There was a long-held myth that the only manmade object visible from space was the Great Wall of China. Yet astronauts have since confirmed that Chinese cities at night are easier to spot than the great barricade. But when myths turn into beliefs, to question their veracity is to risk being called a heretic. Today, to question the economic stability of a country with the largest foreign-currency reserve in the world borders on blasphemy. But when the ideological bases of the free market and export-led growth are under growing stress, it is difficult to remain sanguine about the future of the production workshop of the world.
It seems the more that is written about the Chinese miracle, the less the world actually knows about what is really happening behind the bamboo curtain. But things are not as rosy as depicted – the Asian Development Bank has predicted that the Chinese economy would grow by seven percent in 2009 – in a country almost completely dependent on export. When banks are not lending and consumers are not spending in the US, where will the Chinese sell their wares in quantities large enough to keep factories humming in Shanghai? This is a question that the mandarins in Beijing have succeeded in hiding below stacks of trade surpluses over the past two decades.
With a slowdown of the Chinese economy, the resulting layoff would push workers out into the streets, as a social system capable of enduring unpredictable upheavals has been replaced with the capitalist creed of 'greed is good'. Collectives in the countryside were broken up or privatised to increase productivity. Families have become nuclear, individuals atomised. By all accounts, China today is not the Japan of the 1970s in terms of blending tradition with modernity; it is more like the American Wild West of the 19th century, with only the wiliest able to survive. Even wilder chaos will ensue if an all-out recession – not an unlikely possibility if the credit crunch in the US and Europe continues – sets into a polity based on the barter of prosperity-for-stability between the ruler and the ruled.

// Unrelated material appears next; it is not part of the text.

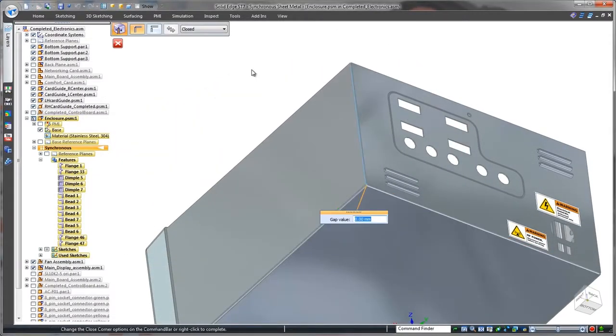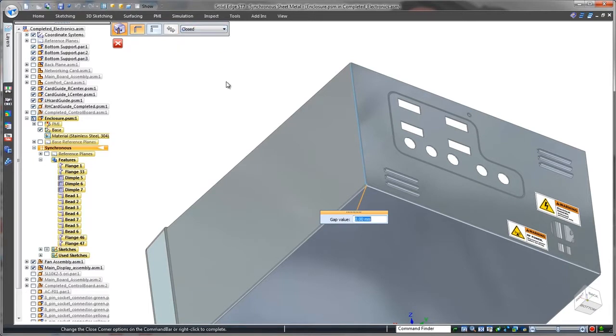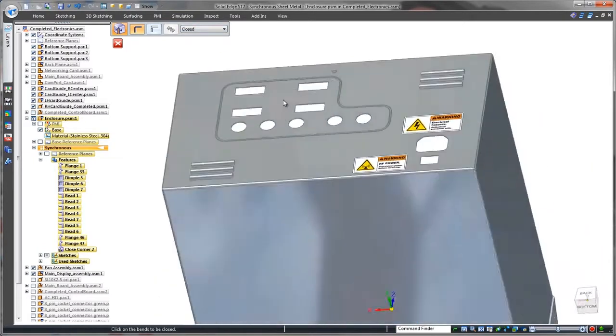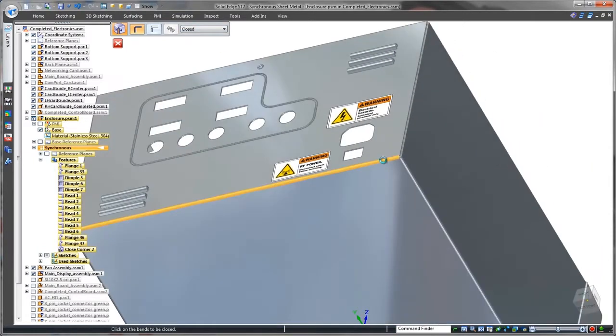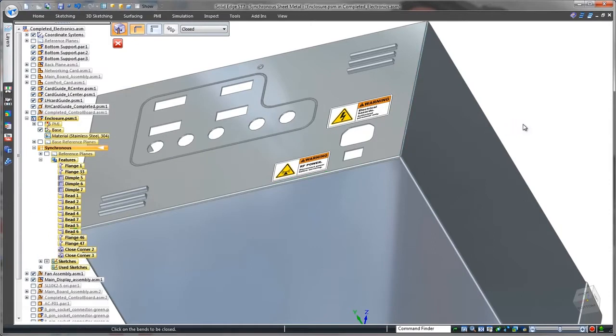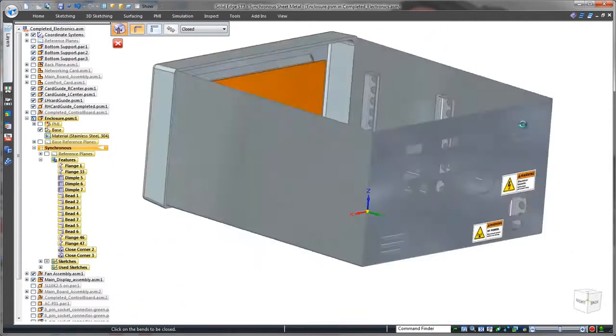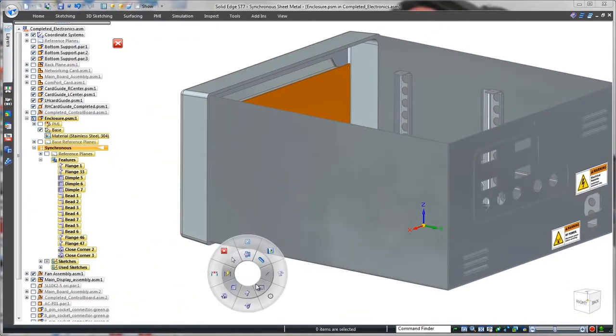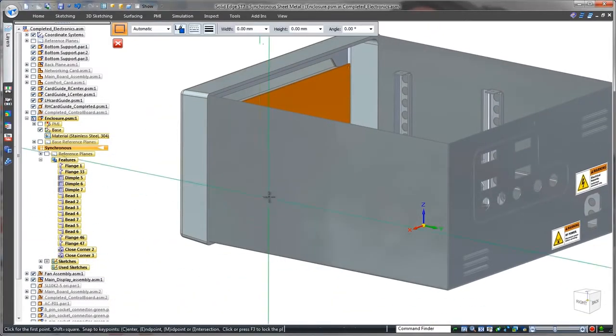Medical device manufacturers must adhere to strict government regulations, and any gaps between panels could be faulted. Using the close corner command, these gaps are eliminated.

Deng Xiaoping is credited with kick-starting the economic recovery in China with his famous quip about the irrelevance of the colour of the cat and primacy of its utility value in catching mice. A victim of Mao Tse-tung's purge, Deng was not satisfied with rewinding the Great Leap Forward once he consolidated power; rather, he introduced a Cultural Revolution in reverse to give birth to 'Market Maoism', a form of state capitalism in which executives-in-business suits are soldiers without uniform. These entrepreneurs and managers function with the full backing of the party-military elite, at least as long as they serve the 'national interest'. And since businesses are nationalists in service of the motherland, whosoever comes in the way of their freedom of operation are enemies of the people. No wonder that multinational companies often claim that hire-and-fire rights for factory owners in China are better than almost anywhere else. That is why foreign direct investment has flowed in torrents to a country that continues to call itself communist.